Saturday, October 3, 2009

Patents: tools of state socialism

the following reasoning is met with deafening silence at IP Watchdog, where clueless patent attorneys accuse me of socialism, communism, etc...

How are patents a free market device? Shouldn’t capitalism embrace free markets? My love for free markets is what drives me to hate patents, since they skew markets, are a state-granted privilege accorded for no better reason than beating someone else to filing something with bureaucrats, and inhibit free, unfettered competition, which is what capitalism ought to encourage rather than hinder.

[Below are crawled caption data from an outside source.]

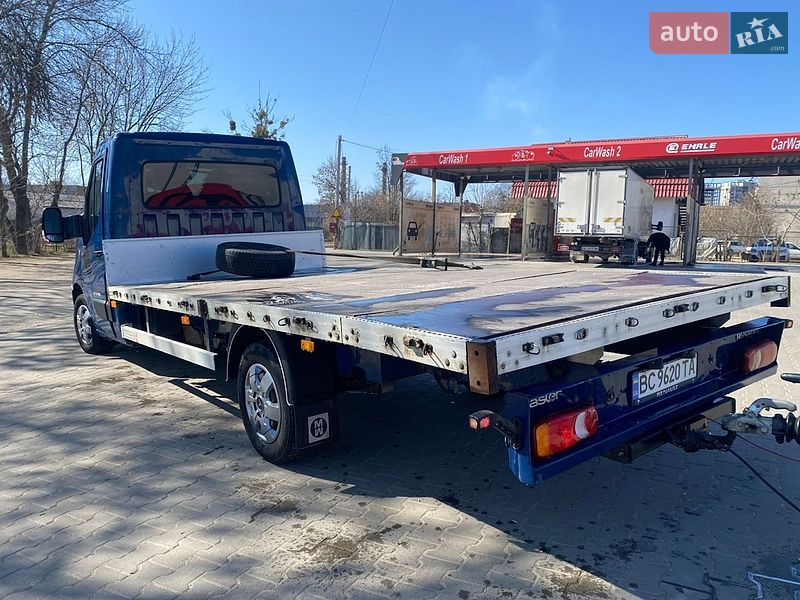 Эвакуатор Renault Master 2017 в Львове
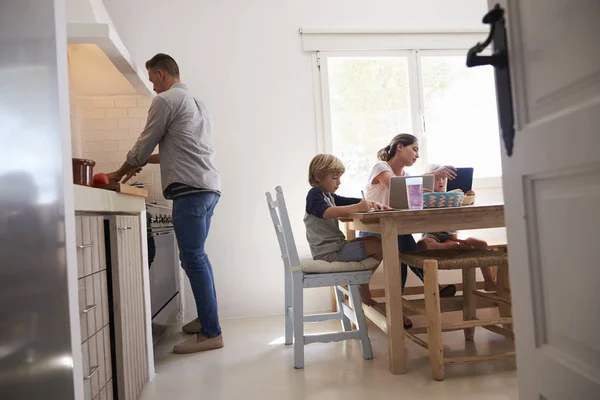 Mamá sentada con los niños en la mesa —  Fotos de Stock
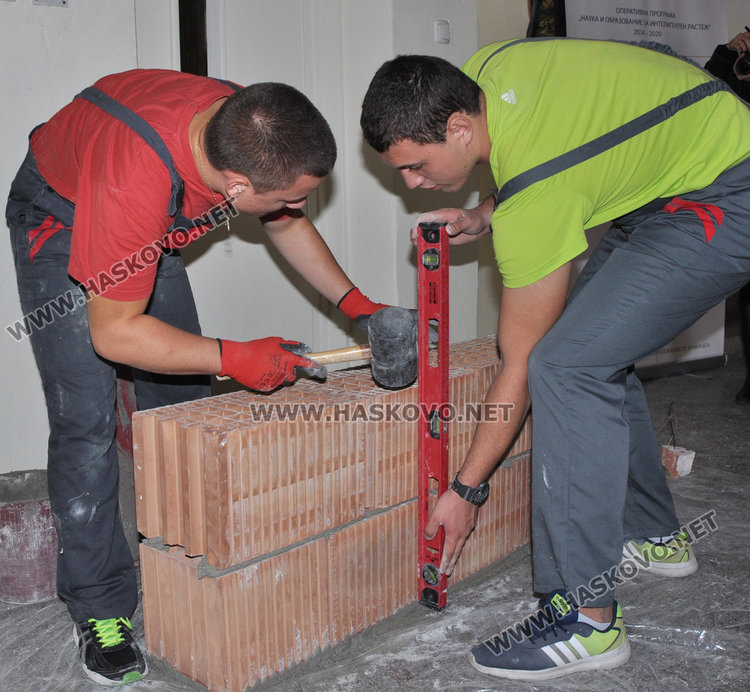 Бъдещите строители показаха майсторлък за празника на професията в Дървото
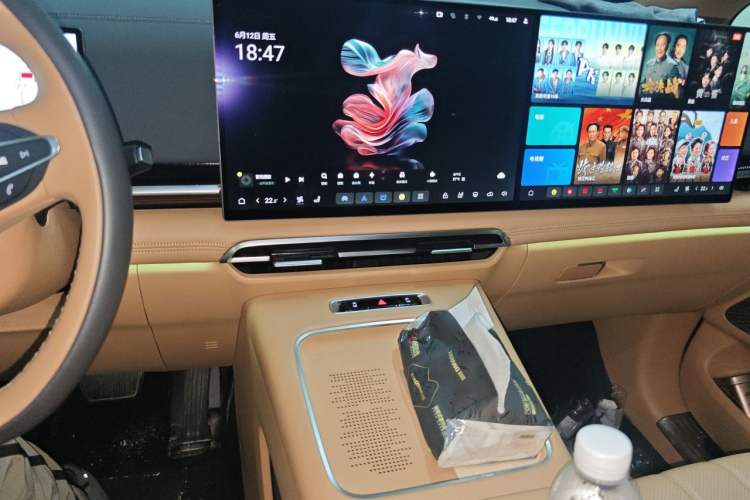 Used VOYAH Dream 2025 PHEV Four-Wheel Drive Prestige Kunpeng Edition Audio And AC Panel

Patents are more socialist than capitalist. They get the state into the business of marketplaces, of determining what technologies ought to succeed or fail, of boosting patented tech over non-patented tech, rather than encouraging the market to select for the best products and drive pricing. It’s a lot closer to five-year plans than what I envision, which is a market without any state involvement at all.

6 comments:

Lex said...

David, you need to work on the proper boundaries between and among corporate entities and human entities. Libertarians conflate the two and so they see no issue with granting patents to corporations as though they were individual entrepreneurs with conscience. Scale enables modern corporate structures to overwhelm all competitors, rather like the monsters of our science fictions. I think the socialism/capitalism issue is only a cause for shouting now from true believer to true believer, and needs to be replaced with a more thoughtful discussion about scale. Any sane person is a capitalist up to a certain scale. Any sane person also fears corporate power when it is unchecked. Two more cents for the marketplace.

drkoepsell said...

Well, some libertarians I know do not conflate the two, but I don't. I actually consider laws that allow corporations to exist aspersons to be just as harmful as laws that enable anyone to monopolize expressions of various sorts (IP laws). I actually consider myself an anarchist, not a libertarian, since I find Libertarians do often contradict themselves in granting too much to "corporate" entities. I will grant you the point about scale, and would suggest that without the cover of the corporate/oligarchic state, business would be conducted at a much more human scale, and thus more fairly. Natural monopolies, when they arise, are much more vulnerable than are state-suported monopolies.

Lex said...

Now you're talkin'! That helps to explain why civil libertarians can be so wrong sometimes, too (the "free speech protections for corporate entities"). The trouble with government is that it too has become more "corporate" in a vicious feedback loop. Sorry, I'll quiet down now.

drkoepsell said...

No, please, I always benefit from you contributions, they always help me clarify. Don't quiet down, ever!

nonsequitur said...

Patent law fills a gap in the market. Let's say you spend millions of dollars in research and development to create a product, but that product is easily reproducible. Someone else sees the product and thinks it's a good business idea, so they create the same product, thus putting it in direct competition with the original. The problem is the free-rider did not suffer the costs of R&D, so they can offer it much cheaper than the inventor, thus pricing the inventor out of the market. So where is the incentive to create if free-riders will jack your invention before you can recoup your costs of innovation? Patent law grants a LIMITED monopoly. When the patent expires, competition is spurred in a market that likely would not have existed but for the patent. In the short term is it anticompetitive, but in the long term it is competitive. Monopolies exist in a free market. Your flaw is that you believe a free-market will always be competitive, but it isn't. The key is competition. I am also a libertarian and think we should be as hands off as possible, but it doesn't mean abandoning common sense.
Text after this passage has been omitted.